>>>>>

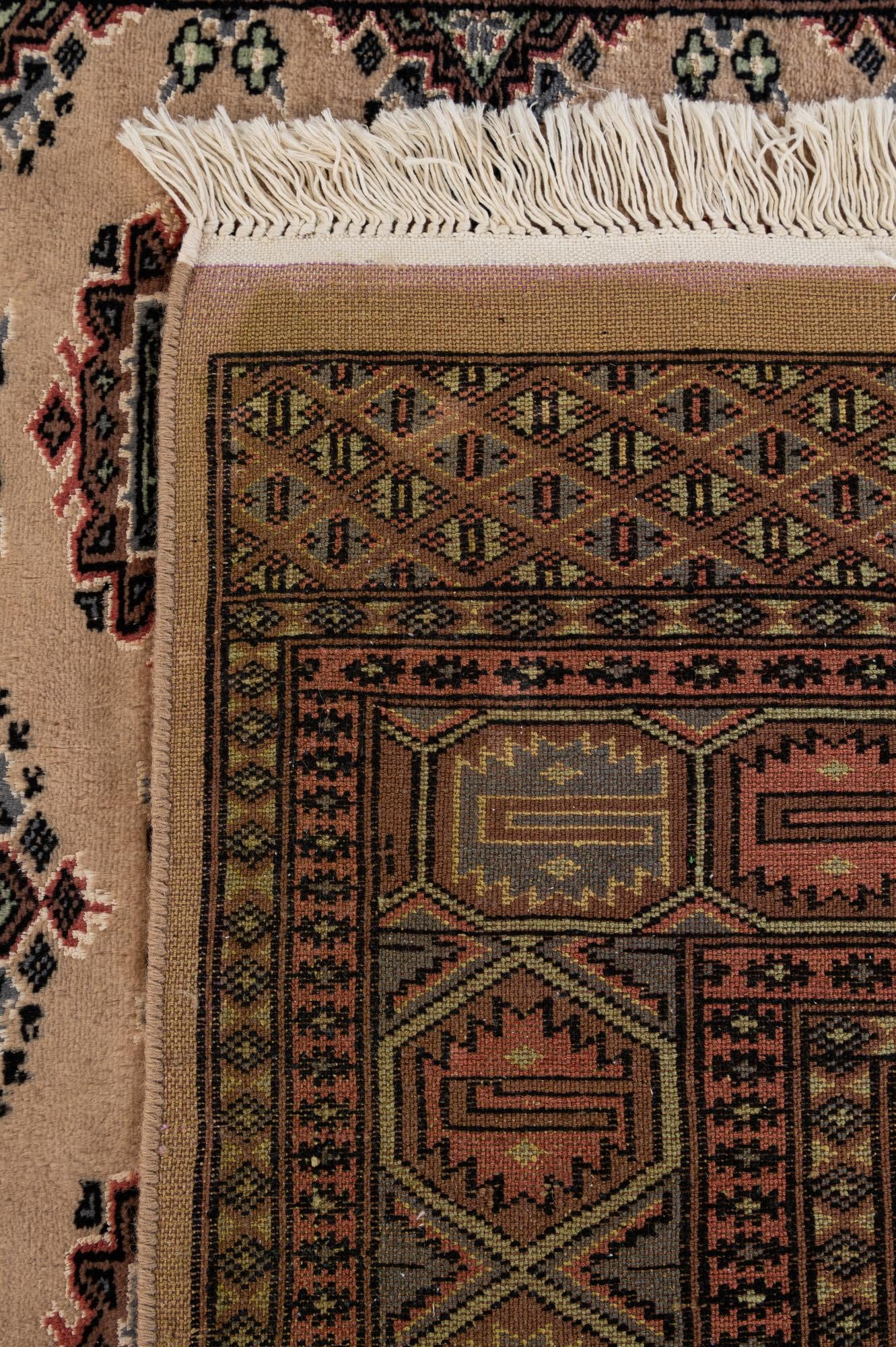 4' x 6' 5 Hand Knotted Bokhara Oriental Rug
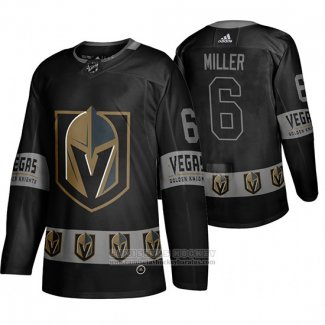 Camiseta Hockey Vegas Golden Knights Colin Miller Team Logo Fashion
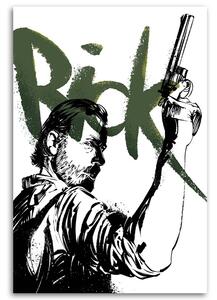 Gario Vászonkép The Walking dead, Rick Grimes - Nikita Abakumov Méret: 40 x 60 cm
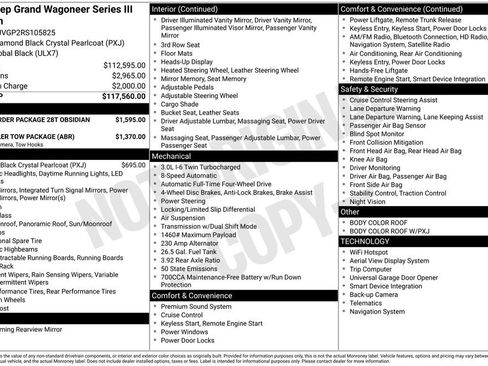 Used 2024 Jeep Grand Wagoneer Series III w/ Quick Order Packagew 28T image 17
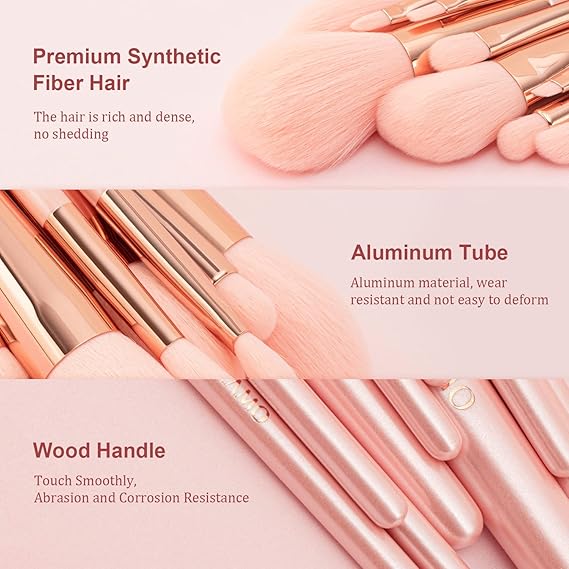 Sweet Beauty 07 PCs Makeup Brush Set | Complete Brush Kit for Professional and Beginner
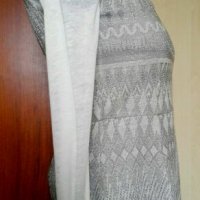 Дамски топ в сиво и сребристо 👚🍀S,M👚🍀 арт.296, снимка 1 - Корсети, бюстиета, топове - 27639197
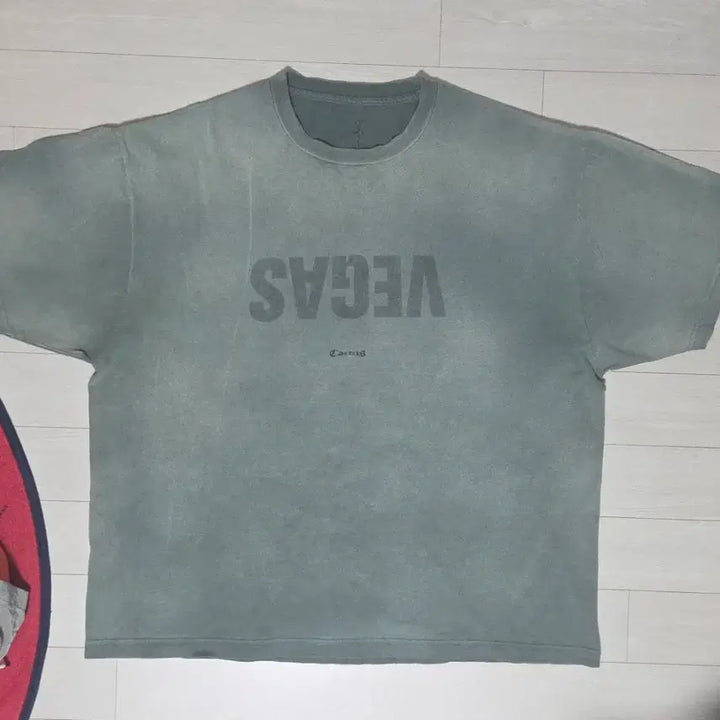 [SOLD OUT] [2XL] 트래비스 스캇 캑터스 베가스 반팔 티셔츠 그레이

<<<<<

Assigned task:
Would you please output only the lines from the start of the material above up to and including the line with "Sweet Beauty 07", exactly as they appear and without pictures?

Answer space:
 4' x 6' 5 Hand Knotted Bokhara Oriental Rug
 Camiseta Hockey Vegas Golden Knights Colin Miller Team Logo Fashion
 Gario Vászonkép The Walking dead, Rick Grimes - Nikita Abakumov Méret: 40 x 60 cm
 Used 2024 Jeep Grand Wagoneer Series III w/ Quick Order Packagew 28T image 17
 Sweet Beauty 07 PCs Makeup Brush Set | Complete Brush Kit for Professional and Beginner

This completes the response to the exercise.